The reply to the records below should contain exactly the lines from the line with "Superior Double Room image 3" through the line with "Simone™ | Mocassins", and nothing besides.

[Web page caption snippets]
*** Block opens ***

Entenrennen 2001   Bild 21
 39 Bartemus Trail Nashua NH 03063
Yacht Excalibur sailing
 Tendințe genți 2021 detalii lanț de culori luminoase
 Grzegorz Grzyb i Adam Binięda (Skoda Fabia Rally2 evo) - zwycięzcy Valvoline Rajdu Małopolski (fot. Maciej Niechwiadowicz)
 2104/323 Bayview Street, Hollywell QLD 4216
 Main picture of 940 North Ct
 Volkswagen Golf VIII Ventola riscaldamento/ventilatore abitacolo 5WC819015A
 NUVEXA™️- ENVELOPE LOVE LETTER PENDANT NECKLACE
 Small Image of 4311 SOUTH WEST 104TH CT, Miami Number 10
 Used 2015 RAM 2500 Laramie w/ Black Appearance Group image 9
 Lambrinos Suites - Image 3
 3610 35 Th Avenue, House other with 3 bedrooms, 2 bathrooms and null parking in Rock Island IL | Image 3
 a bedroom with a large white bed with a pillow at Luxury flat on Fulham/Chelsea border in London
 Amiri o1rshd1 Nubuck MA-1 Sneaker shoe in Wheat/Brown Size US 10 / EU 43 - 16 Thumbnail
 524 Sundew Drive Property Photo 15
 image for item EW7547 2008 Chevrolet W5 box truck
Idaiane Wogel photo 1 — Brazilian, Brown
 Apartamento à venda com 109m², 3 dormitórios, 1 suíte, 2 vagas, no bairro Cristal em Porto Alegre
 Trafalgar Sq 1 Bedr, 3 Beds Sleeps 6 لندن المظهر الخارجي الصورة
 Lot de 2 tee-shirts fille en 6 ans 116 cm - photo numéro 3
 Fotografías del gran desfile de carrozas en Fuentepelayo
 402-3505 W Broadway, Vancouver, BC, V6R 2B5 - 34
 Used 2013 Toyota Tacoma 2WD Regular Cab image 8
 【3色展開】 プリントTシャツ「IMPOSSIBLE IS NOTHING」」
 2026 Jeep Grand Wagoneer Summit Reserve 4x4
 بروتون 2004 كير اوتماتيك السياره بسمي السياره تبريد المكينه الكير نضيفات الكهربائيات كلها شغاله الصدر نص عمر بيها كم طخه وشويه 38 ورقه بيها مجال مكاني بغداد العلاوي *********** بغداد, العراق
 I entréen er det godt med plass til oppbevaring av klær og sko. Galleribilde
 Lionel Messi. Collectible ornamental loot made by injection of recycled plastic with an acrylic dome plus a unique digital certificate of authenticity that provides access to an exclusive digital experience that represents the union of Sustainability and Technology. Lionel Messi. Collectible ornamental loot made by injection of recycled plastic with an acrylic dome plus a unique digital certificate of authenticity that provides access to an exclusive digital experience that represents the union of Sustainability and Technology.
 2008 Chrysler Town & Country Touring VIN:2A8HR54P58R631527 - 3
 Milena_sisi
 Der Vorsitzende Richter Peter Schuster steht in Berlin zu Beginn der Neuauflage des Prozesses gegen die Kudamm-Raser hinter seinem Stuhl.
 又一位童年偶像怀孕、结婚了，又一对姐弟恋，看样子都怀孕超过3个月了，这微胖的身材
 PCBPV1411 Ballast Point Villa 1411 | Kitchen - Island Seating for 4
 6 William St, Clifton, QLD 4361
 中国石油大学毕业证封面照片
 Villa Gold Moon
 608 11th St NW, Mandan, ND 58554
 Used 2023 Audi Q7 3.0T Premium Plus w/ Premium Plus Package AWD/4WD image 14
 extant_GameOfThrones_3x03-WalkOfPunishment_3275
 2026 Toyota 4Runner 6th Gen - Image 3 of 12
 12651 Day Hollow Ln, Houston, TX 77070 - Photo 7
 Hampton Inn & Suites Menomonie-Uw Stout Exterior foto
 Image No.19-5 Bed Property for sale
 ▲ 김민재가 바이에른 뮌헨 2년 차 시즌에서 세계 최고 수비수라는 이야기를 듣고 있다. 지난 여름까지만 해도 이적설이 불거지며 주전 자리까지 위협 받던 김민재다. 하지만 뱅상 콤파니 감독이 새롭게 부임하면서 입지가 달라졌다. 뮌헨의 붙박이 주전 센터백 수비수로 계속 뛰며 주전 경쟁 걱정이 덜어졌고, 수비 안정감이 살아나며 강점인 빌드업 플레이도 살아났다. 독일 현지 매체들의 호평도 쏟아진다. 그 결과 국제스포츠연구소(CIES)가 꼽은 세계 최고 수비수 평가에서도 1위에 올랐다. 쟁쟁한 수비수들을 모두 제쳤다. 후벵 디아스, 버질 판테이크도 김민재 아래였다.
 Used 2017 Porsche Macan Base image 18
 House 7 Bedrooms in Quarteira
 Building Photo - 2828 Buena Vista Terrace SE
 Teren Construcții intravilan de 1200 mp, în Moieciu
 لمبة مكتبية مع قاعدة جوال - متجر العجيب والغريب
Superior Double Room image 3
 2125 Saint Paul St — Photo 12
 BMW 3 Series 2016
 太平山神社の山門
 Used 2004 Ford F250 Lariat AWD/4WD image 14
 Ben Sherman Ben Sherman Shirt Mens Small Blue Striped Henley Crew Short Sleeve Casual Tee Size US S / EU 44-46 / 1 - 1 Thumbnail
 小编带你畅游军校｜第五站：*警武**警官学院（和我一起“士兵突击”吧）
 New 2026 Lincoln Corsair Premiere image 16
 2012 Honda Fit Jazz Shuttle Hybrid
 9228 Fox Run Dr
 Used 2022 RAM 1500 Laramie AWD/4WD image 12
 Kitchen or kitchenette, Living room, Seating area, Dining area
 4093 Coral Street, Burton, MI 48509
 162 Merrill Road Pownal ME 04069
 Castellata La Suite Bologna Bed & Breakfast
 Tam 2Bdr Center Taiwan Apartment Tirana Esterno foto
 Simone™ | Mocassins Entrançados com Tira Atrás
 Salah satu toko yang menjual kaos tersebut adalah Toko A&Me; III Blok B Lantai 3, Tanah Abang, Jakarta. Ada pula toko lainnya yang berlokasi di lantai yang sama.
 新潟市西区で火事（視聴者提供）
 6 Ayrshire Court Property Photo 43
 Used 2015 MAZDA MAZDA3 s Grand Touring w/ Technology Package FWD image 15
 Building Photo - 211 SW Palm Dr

*** Block closes ***

**TASK OUTPUT**
Superior Double Room image 3
 2125 Saint Paul St — Photo 12
 BMW 3 Series 2016
 太平山神社の山門
 Used 2004 Ford F250 Lariat AWD/4WD image 14
 Ben Sherman Ben Sherman Shirt Mens Small Blue Striped Henley Crew Short Sleeve Casual Tee Size US S / EU 44-46 / 1 - 1 Thumbnail
 小编带你畅游军校｜第五站：*警武**警官学院（和我一起“士兵突击”吧）
 New 2026 Lincoln Corsair Premiere image 16
 2012 Honda Fit Jazz Shuttle Hybrid
 9228 Fox Run Dr
 Used 2022 RAM 1500 Laramie AWD/4WD image 12
 Kitchen or kitchenette, Living room, Seating area, Dining area
 4093 Coral Street, Burton, MI 48509
 162 Merrill Road Pownal ME 04069
 Castellata La Suite Bologna Bed & Breakfast
 Tam 2Bdr Center Taiwan Apartment Tirana Esterno foto
 Simone™ | Mocassins Entrançados com Tira Atrás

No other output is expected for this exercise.